- _WHAT IS NEEDED_: Restate, exactly and without pictures, the lines from the start of the listing below through the line holding "Toyota C-HR 2017: Από".

- _RECORDS SHOWN_:
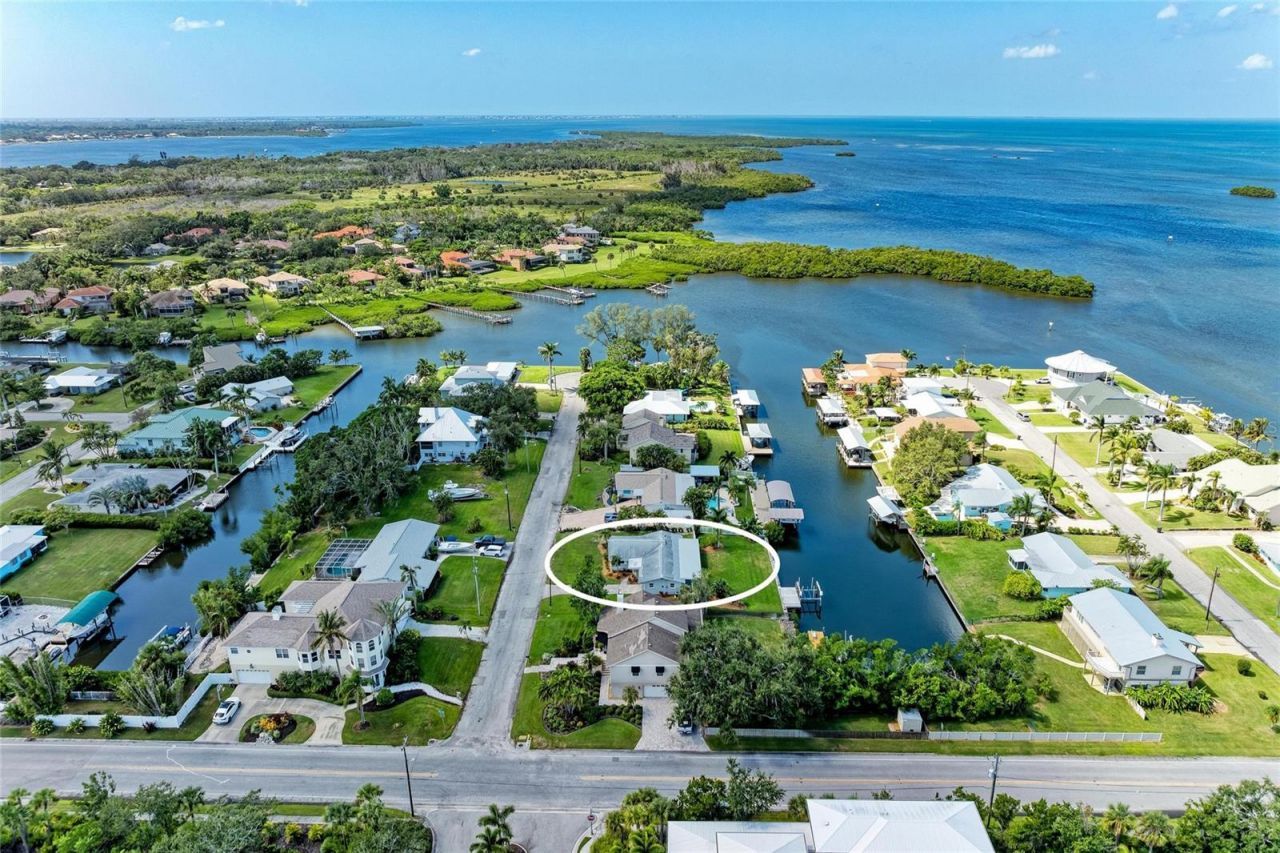 4412 Dolphin Lane, Palmetto, FL 34221 Photo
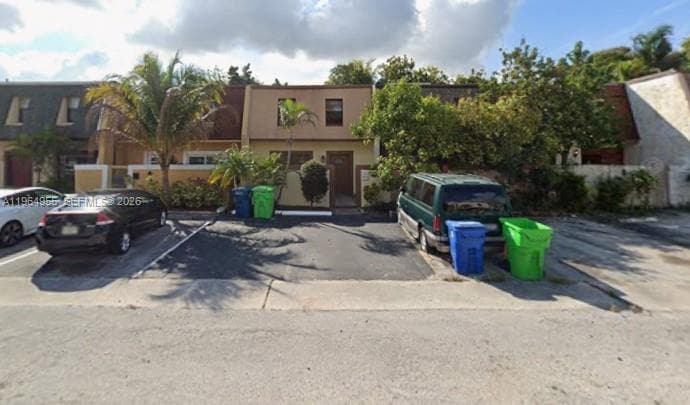 5966 NW 24th Ct, Sunrise, FL 33313 — zdjęcie 4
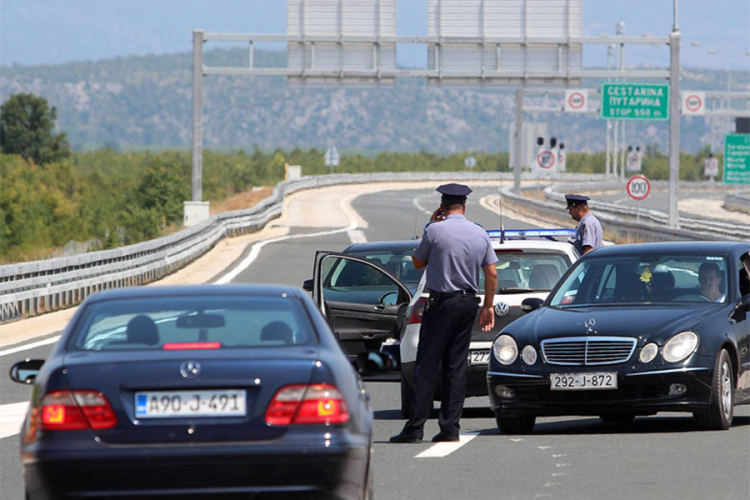 Blokiran saobraćaj za sva vozila na prelazu Bijača
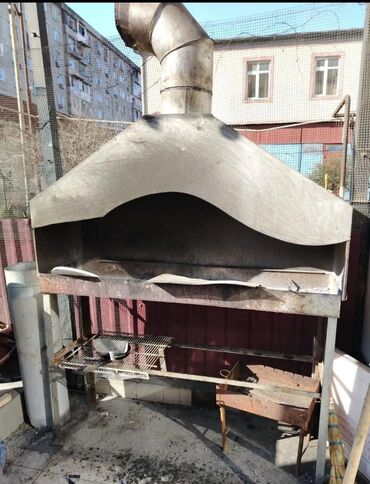 manqal aparati: Gunka88 Manqal satılır qalın dəmirdən yığılıb ölçü 1.70 Qiymət 450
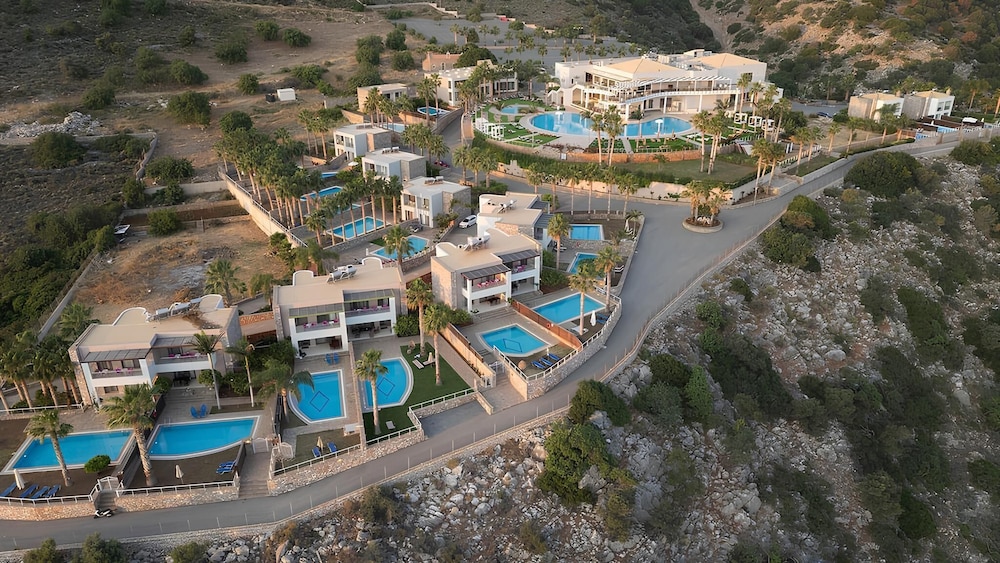 The Noverian Scenic Crete 5 Star Hilltop Villa Resort & Spa - zdjęcie 2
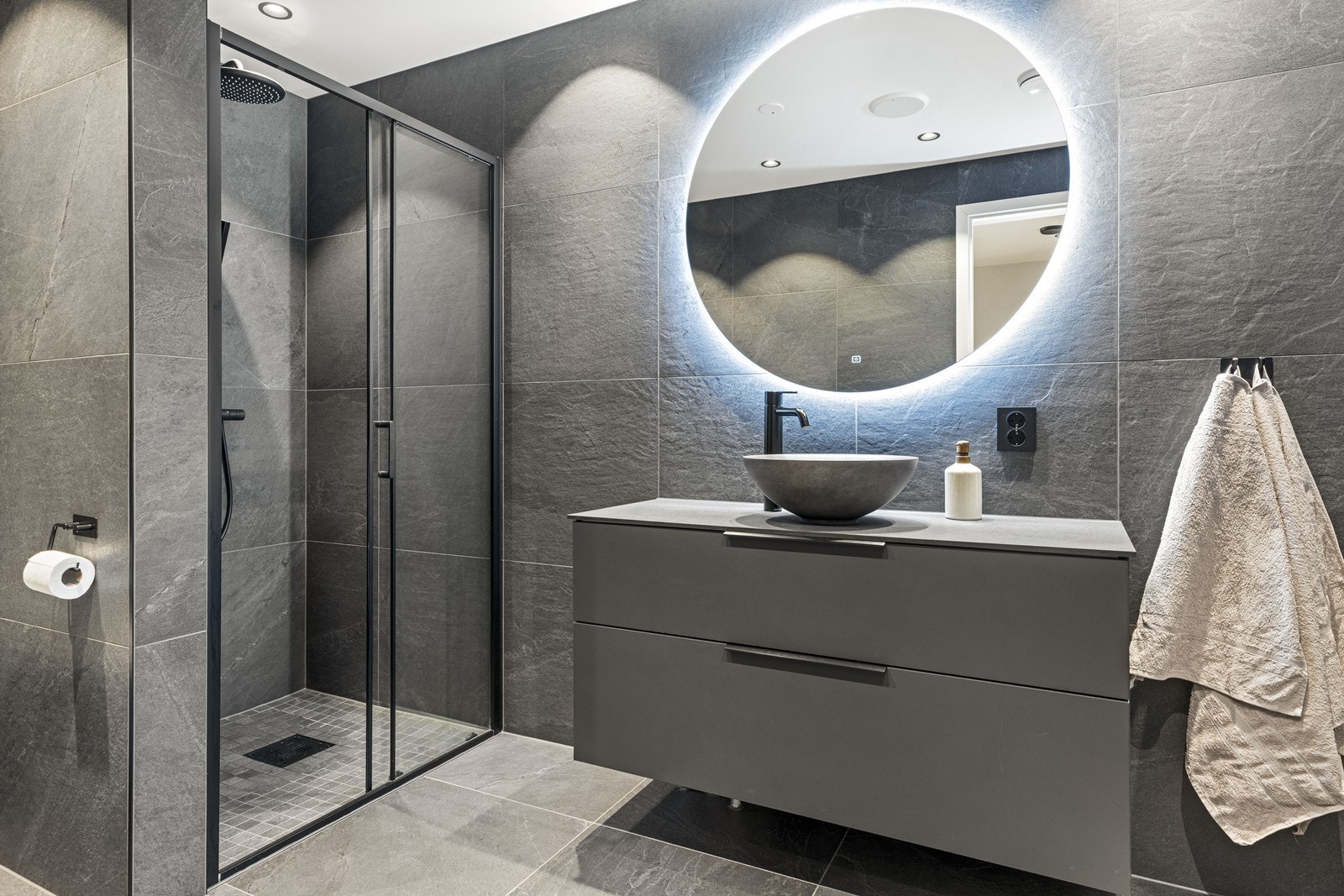 Badet i første etasje ble oppgradert i 2023, med lekre x0x60 fliser på gulv og vegger, samt elektrisk gulvvarme. Galleribilde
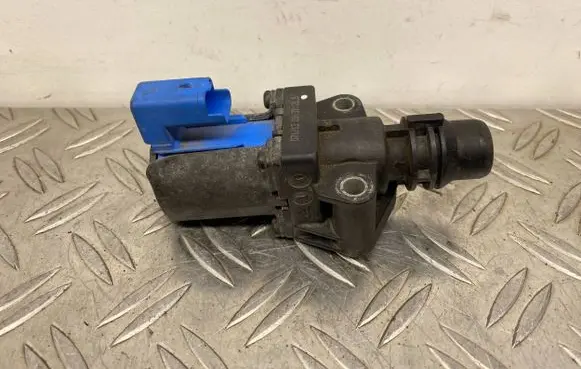 Ford Fusion II Coolant heater control valve bm5g8c605db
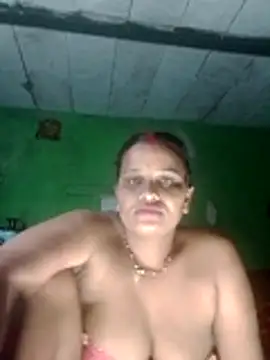 Shivani09900 webcam
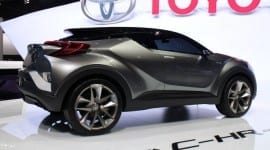 Toyota C-HR 2017: Από τη Γενεύη στον… αστικό crossover «χάρτη»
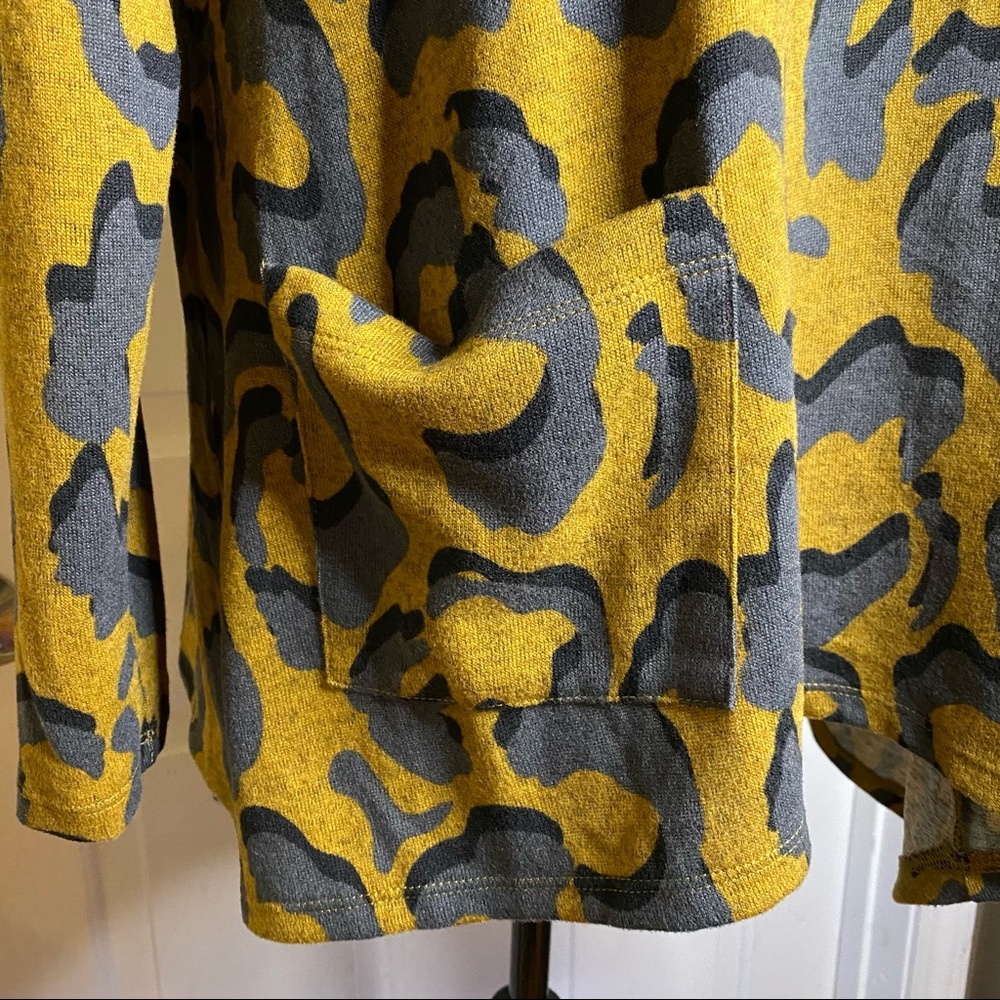 LOGO Printed Asymmetric Hem Sweaterknit Top - Picture 3 of 7
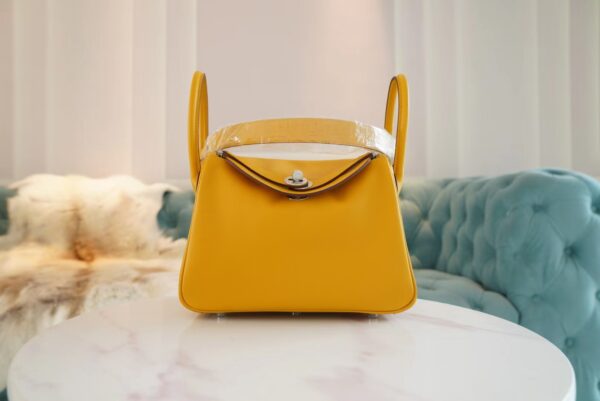 Wholesale Hermes Lindy 26CM 9D Amber Evercolor Leather Shoulder Bag Silver Hardware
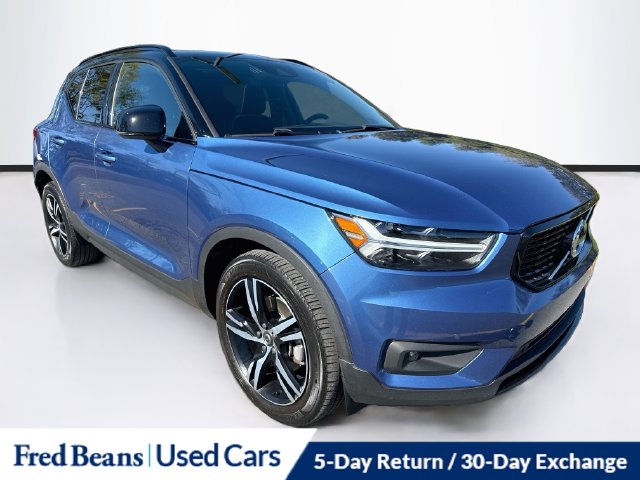  Volvo XC40
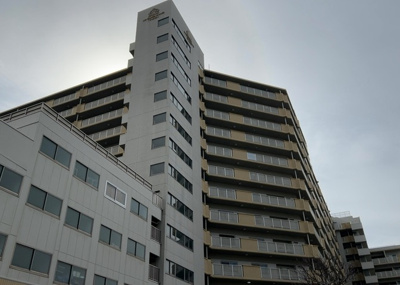 【外観】 | アパガーデンパレス多摩境 | 外観はマンション管理がされているかの目安になります。築年数が古いと、壁面は劣化してひび割れが生じることも！建物が古びていても細かいところが修繕されていると、きちんと管理されているなぁと感じるでしょう。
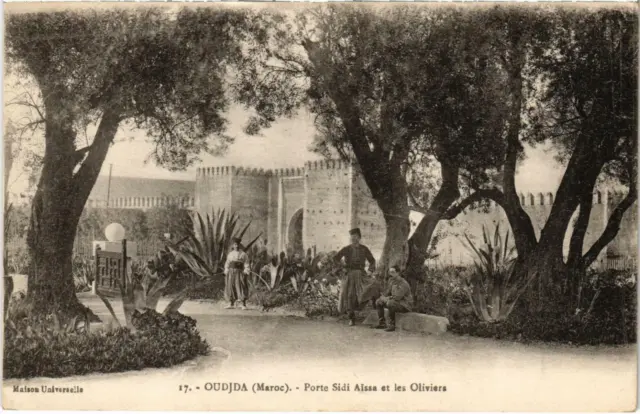 CPA AK MAROC OUDJDA - Porte SIDI Aissa et les Oliviers (92756)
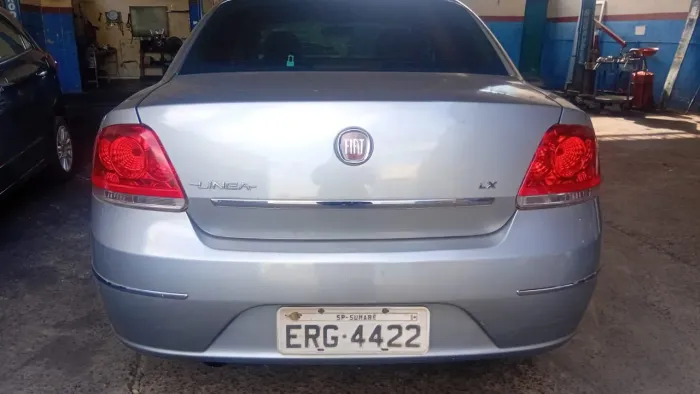 Fiat Linea LX 1.9/ 1.8 Flex 16V Dualogic 4P 2010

- _SOLUTION FOR THIS EXERCISE_:
 4412 Dolphin Lane, Palmetto, FL 34221 Photo
 5966 NW 24th Ct, Sunrise, FL 33313 — zdjęcie 4
 Blokiran saobraćaj za sva vozila na prelazu Bijača
 manqal aparati: Gunka88 Manqal satılır qalın dəmirdən yığılıb ölçü 1.70 Qiymət 450
 The Noverian Scenic Crete 5 Star Hilltop Villa Resort & Spa - zdjęcie 2
 Badet i første etasje ble oppgradert i 2023, med lekre x0x60 fliser på gulv og vegger, samt elektrisk gulvvarme. Galleribilde
 Ford Fusion II Coolant heater control valve bm5g8c605db
 Shivani09900 webcam
 Toyota C-HR 2017: Από τη Γενεύη στον… αστικό crossover «χάρτη»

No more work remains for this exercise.